I don't ever remember calling anyone stupid in these forums. What fascinates me is I don't know if you are accusing me of being smart or just showing off.

I think it's great that you have developed something that works for you. Please post a well commented source code so others can steal your genius. If they have the same needs as you, and a similar system, it might work.

Sorry that I haven't posted any code yet, but I'm trying to make something here that isn't a one-trick pony. There's plenty of that widely available today for sale cheap enough. I'm trying to make something universal, where anyone can go buy an uno, a relay module, an lcd button shield, and have what they need to start hacking.

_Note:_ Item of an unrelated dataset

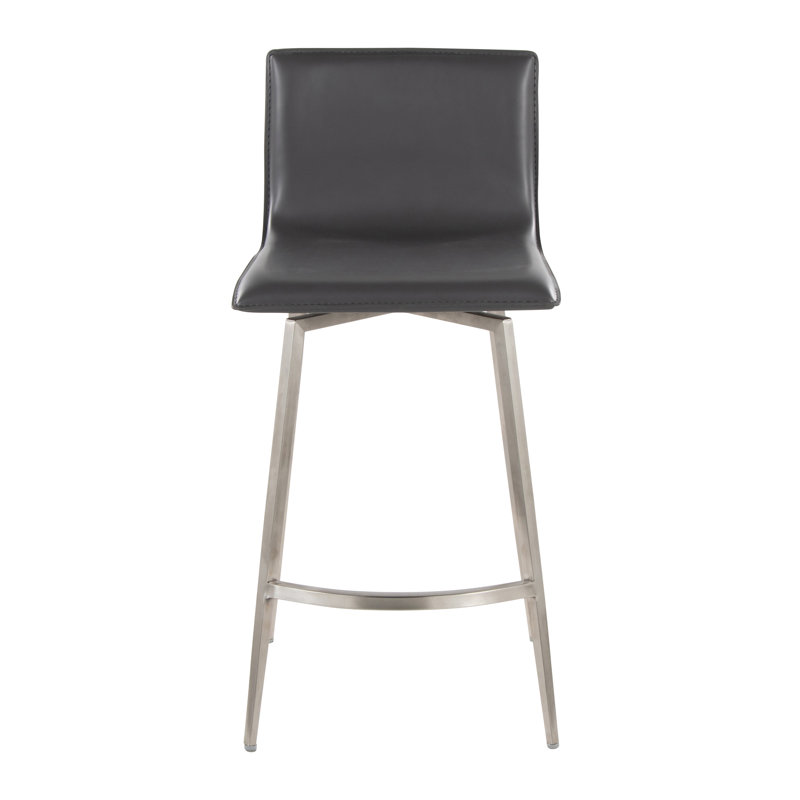 Mara Upholstered 26" Fixed-Height Counter Stool - Set Of 2, Gray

Upload the sketch, set parameters via lcd shield, run like magic. Set what you want at will.

So far, the unit will work as follows:

1. mode 1
   

   heating thermostat
   cooling thermostat
   auto change-over thermostat
   relays control o,w,y,g as in standard HVAC
   thermometer is either ds1820 or thermistor, autodetected by uno
   config and setpoint saved in eeprom in case of reset or pwr failure

   mode 2
   

   slave device, no thermostat
   relays control compressor,reversing valve,crank htr/indoor fan or pump,outdoor fan/pump
   hard-wired thermistor sensors for defrost, ambient temp reading
   time + temp defrost cycle
   compressor lockout timer

   mode 3
   

   all of the above, dependent on wise usage of pins
   self- contained, standalone unit
   can also accept heating and cooling calls from elsewhere.

I'm working on the sketch in my free time and learning a whole lot in the process. I'm trying not to call or write any custom libraries, which makes writing this sketch much more difficult. However, it will make further development that much easier later. Plus, any casual user will be able to find the source file, modify it if they want, compile it with whatever they want, and stick it in their device (which may or may not be an uno board) and have quick, instant operation. Once I have something that doesn't run out of memory, that works like it should,I will post the entire source so everyone can download it and stick it straight into their unos. Meanwhile, I MAY discuss abstracts and methods with you all for advice or direction.

I'm glad others are working in parallel with me on their own adaptations of this project. I see this basic stamp growing into a full featured device, like Takyka has developed, without a huge amount of labor or expense. I wouldn't expect it to cost thousands of dollars like a commercial product would, or take years to develop. Keep the show and tell coming, and please keep us updated on your progress. This stuff is fun!